9. It is to be noted that the learned advocate for the appellant-accused has not argued the appeals on merits. But he has restricted his submissions only on the point of running the sentences in both the Sessions Cases concurrently. Hence, I would not like to reproduce or discuss the entire evidence which is on record as the same remained unchallenged. This Court is also in complete agreement with the reasons adopted and the conclusions arrived at by the learned trial courts in the impugned judgments so far as the conviction of the present appellant-accused in both the cases are concerned. However, the question to be considered is as to whether the appellant-accused in the given facts and circumstances of the case entitled to reduction of sentence which has been awarded by the trial court or not.
10. It is true that when the appellant was arrested on 2-7-2011 in connection with Sessions Case No.189 of 2002 of Surat, he was already in custody in connection with Sessions Case No.580 of 2002 of Valsad and he was awarded sentences in both the cases. Applying the above ratio to the facts of the present cases, since the appellant-accused has been sentenced in two Sessions Cases, one in Sessions Case No.580 of 2002 and another in Sessions Case No.189 of 2002, this Court is of the opinion that the sentences imposed on the appellant in both the cases are required to be ordered to run concurrently to have the benefit of aforesaid reported judgment by allowing him to undergo a total period of 7 years of imprisonment in respect of two convictions passed against him so as to meet the ends of justice.

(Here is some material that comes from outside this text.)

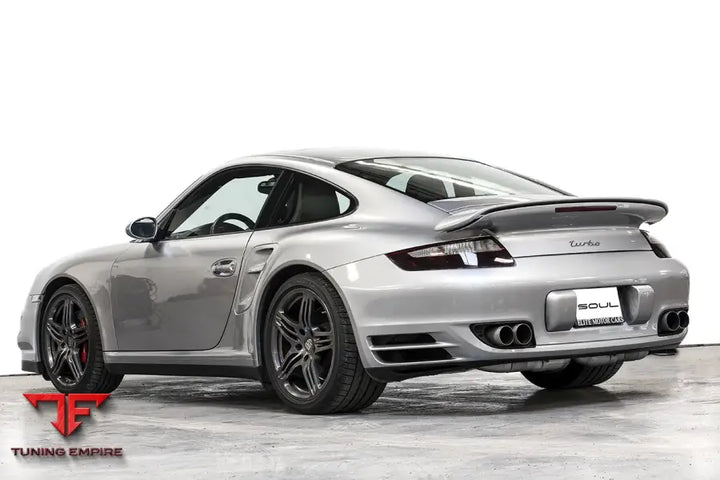 SOUL PORSCHE 997.1 TURBO SPORT X-PIPE EXHAUST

11. Thus, both the appeals are accordingly partly allowed. The sentences imposed on the appellant-accused in Sessions Case No.580 of 2002 by the learned Addl. City Sessions Judge, Valsad, and in Sessions Case No.189 of 2002 by the learned Presiding Officer, Fast Track Court No.1, Surat, are ordered to run concurrently. The accused is also entitled to set off for the period he has undergone in jail. Rest of the impugned judgments and orders including fine etc. would remain unchanged.
12. Record and proceedings are ordered to be sent back to the courts below forthwith.
13. Office shall keep a copy of this judgment in each matter.